While I’ve been productive on the un-namable projects, the last few days of the calendar year have also been ones of quiet introspection, of remembering essential personal truths. One of those truths is that I absolutely need to be outdoors regularly, no matter the season, in places that at least give me the illusion of not being man-made. It’s one of the reasons I go on residencies so frequently; the rural environments they’re attached to are just as important to me as the concentrated studio time and the people I meet there.
I can’t even say exactly what it is that this does for me, but it is indispensable. Even when a landscape is bleak and fallow, I am absorbed, fascinated, wholly in time. I may not consciously be thinking of a problem to be solved, but I will either return with answers, or with my problems diminished to their proper perspectives. Things I observe make their way into my work, and my surroundings make their way into me, a calming, healing influence.
Since I’m not on a winter break residency for the first time in a long time, I’ve returned to the Forest Preserve. It follows the north branch of the Chicago River, widening here and there into park land, golf courses and public areas, wide fields, picnic areas and the like.
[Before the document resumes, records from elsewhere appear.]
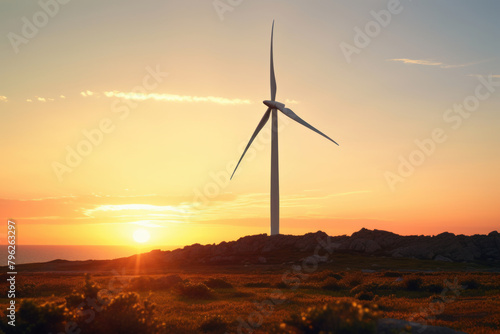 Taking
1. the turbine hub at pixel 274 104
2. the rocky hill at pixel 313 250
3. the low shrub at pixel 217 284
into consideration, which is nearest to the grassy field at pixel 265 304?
the low shrub at pixel 217 284

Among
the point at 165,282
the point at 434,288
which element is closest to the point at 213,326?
the point at 165,282

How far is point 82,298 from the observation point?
63.6 feet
It contains a paved bike path that can take you all the way to the botanic gardens in the northern ‘burbs, 25 miles or so. Sometimes along the bike path, it narrows to just a tiny insulating strip of trees, but in other places it widens to a half-mile or so (in the city), where the woods are allowed to run free.
I spent a lot of time in this section of the preserve during my divorce in the 90s, off in the wooded portions so I could let Face, my departed border collie, off her leash; she (quickly) learned that I did not want her to chase the deer. That difficult time in my life had a great many similarities with my present. Then, the preserve was quite a drive up from my Pilsen neighborhood; now, it’s so close and so, well, mundane compared to the places I’ve been that I had forgotten it. I had a dream in which Face was waiting expectantly by the car, and the next day, we had a thaw and I went to the woods. I’ve gone there every day since.
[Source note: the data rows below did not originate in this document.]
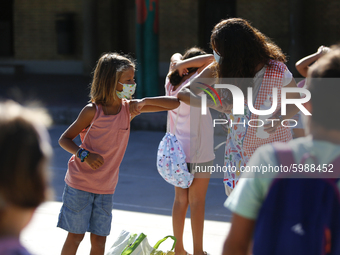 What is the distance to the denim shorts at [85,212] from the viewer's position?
2.94 meters

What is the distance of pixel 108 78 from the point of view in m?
3.08

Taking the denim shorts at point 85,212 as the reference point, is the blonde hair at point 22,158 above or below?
above

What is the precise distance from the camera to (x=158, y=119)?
9.23 metres

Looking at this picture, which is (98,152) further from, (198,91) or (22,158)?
(22,158)

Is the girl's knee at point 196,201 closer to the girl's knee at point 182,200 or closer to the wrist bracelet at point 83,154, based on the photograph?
the girl's knee at point 182,200

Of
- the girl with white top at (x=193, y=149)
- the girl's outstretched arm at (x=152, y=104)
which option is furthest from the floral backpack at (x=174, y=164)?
the girl's outstretched arm at (x=152, y=104)

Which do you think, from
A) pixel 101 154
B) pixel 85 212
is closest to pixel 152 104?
pixel 101 154

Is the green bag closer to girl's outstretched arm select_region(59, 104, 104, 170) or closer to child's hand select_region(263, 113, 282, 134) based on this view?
girl's outstretched arm select_region(59, 104, 104, 170)

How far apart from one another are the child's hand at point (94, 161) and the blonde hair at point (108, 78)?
41cm

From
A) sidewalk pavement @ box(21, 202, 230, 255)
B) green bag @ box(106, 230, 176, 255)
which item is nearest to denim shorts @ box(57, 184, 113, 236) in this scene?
green bag @ box(106, 230, 176, 255)

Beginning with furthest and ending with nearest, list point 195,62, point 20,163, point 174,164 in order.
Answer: point 195,62 → point 174,164 → point 20,163

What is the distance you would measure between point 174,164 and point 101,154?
0.67m

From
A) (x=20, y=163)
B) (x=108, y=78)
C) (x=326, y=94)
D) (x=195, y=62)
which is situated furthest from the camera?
(x=195, y=62)

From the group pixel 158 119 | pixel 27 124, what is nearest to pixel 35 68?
Answer: pixel 158 119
Chicago has had floods since the thaw (and a lot of rain that accompanied the melting snow) and the park is no exception; the Chicago river is about twelve times its width in places, drowning parts of the woods and parkland (but making the 300 or so mallard ducks I saw yesterday very, very happy). So, until it gets cold enough again for the muck to freeze, I’ve been sticking fairly close to the bike path, and making friends with individual deer.
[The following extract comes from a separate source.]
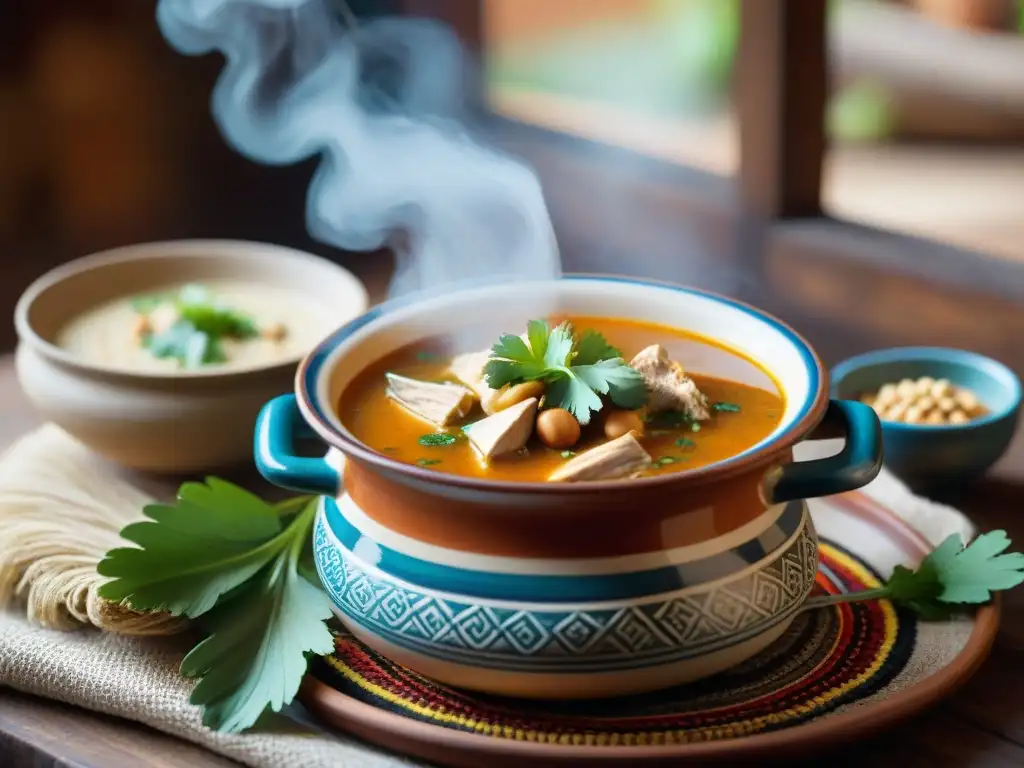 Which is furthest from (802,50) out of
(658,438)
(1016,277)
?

This young doe was really curious. She slowly came right to me as I stood and talked to her (then a jogger and his dog scared her). I call her Deerette.
This is good; I’m fulfilling that need in myself, and remembering that I do get past hard times in this manner, and wondering once again why, if this need for nature is so strong in me, I have almost always lived in cities. I know the answer is economic, but now, perhaps, it’s time to question that answer.
I’m wishing you all a grand New Year / Hogmanay!
I plan to spend the first day of 2009 1. In the woods and 2. making paper.
Two sweet-faced Ladies; below: Wee One-Prong, the Veteran, and the Stud.